Yes. We certainly recognize, across all industries, some of the commentary from the administration, if we see this in several industries. I mean it's certainly hard to argue that it wouldn't have an effect on the M&A business. All I can tell you is just from the level of activity, it's hard to see how that's going to unfold, specifically with financial institutions and depositories, there has been specific commentary. I personally think they will be focused on the much larger transactions. I mean, if you really think about it, a lot of the middle market transactions we're doing and even some of the larger regional transactions, I would argue that is giving these banks an opportunity to compete better, offer a better level of services to the consumers and compete with the larger banks.

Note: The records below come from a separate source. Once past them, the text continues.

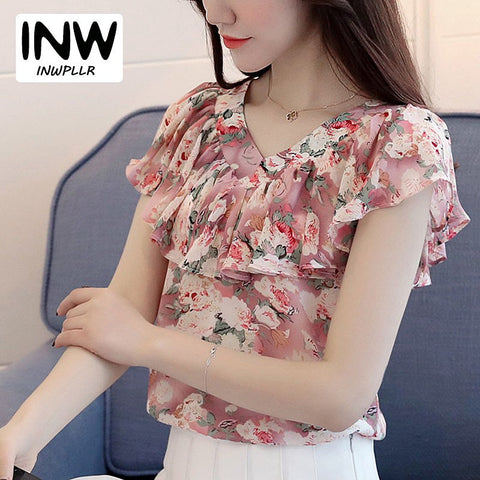 2023 Floral Print Blusas Femininas Summer Chiffon Blouses Ruffled V Neck Short Sleeve Women Tops Elegant Shirts Femme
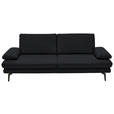 3-SITZER-SOFA  in Echtleder Anthrazit   - Anthrazit/Schwarz, Design, Leder/Metall (222/86/104cm) - Dieter Knoll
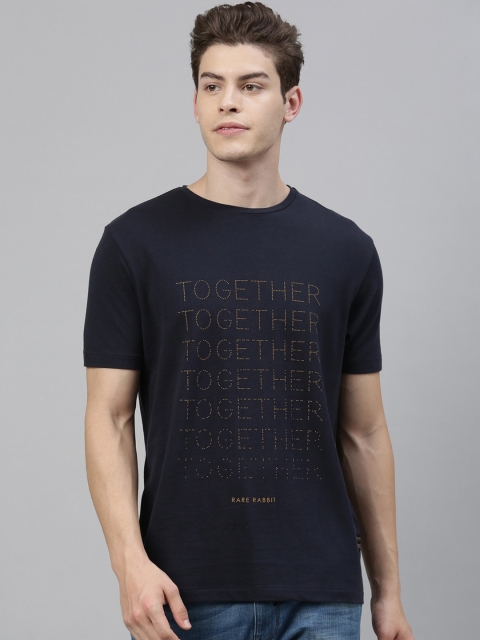 

RARE RABBIT Men Navy Blue Printed Round Neck T-shirt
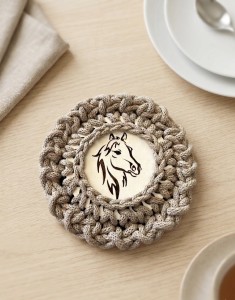 Drewniana podkładka pod kubek z szydełkowym wykończeniem Handmade  wzór 4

So I'm not sure I generally agree with sort of the philosophy. But there's no question, there's been commentary. What I can say is you can just look at our deals and deals announced across the street in the last month or 2, since that came out, it hasn't slowed activity at all and the level of conversation is high and the amount of deals we have announced is high. So I think your -- the way you phrased that question is correct. I think there's going to be a lot of scrutiny at the very, very large deal size.
Okay. Yes. I appreciate the thoughts there, Chad. Maybe just one last one for me on the dividend. Great to see another increase there. Is -- I just want to make sure I didn't miss it. You guys kind of changing the payout expectations. Is that still the right way to think about it? Or are you maybe going to run with a little bit higher dividend payout now? Or is this just kind of speak to the fact that you're seeing a higher -- like durability to your higher EPS here going forward?
Yes, Mike, maybe I'll take that. So we -- our dividend payout ratio of 30% to 50%. That's still the plan and what we have in place. We -- which includes the 4 quarterlies and then the special. I think we've run over the last couple of years more at the lower end of that range because we've been deploying a lot through corporate development I think we've talked over the last quarter or 2 where given the amount of cash generation we've got, we likely move more up in that range.
And you're right, in terms of just, again, the overall level of earnings and this consistency of a higher level of EPS, we do feel like it's the right thing to remix in some ways to more of a quarterly and that would obviously bring the special down a little bit more. So we're thinking about that mix -- But the dividend payout ratio of 30% to 50% stays, it's just, yes, we're likely more at the higher end of that range given the results.
And there are no further questions at this time. I would like to turn it back to Mr. Chad Abraham for the closing remarks.
Thank you, operator. I'll close by thanking all of my employee partners for their continued hard work and dedication to our clients. Thanks to everyone that joined the call. We very much look forward to updating you on our third quarter results. Have a great day. Thank you.
And ladies and gentlemen, this concludes today's conference call. Thank you for participating. You may now disconnect.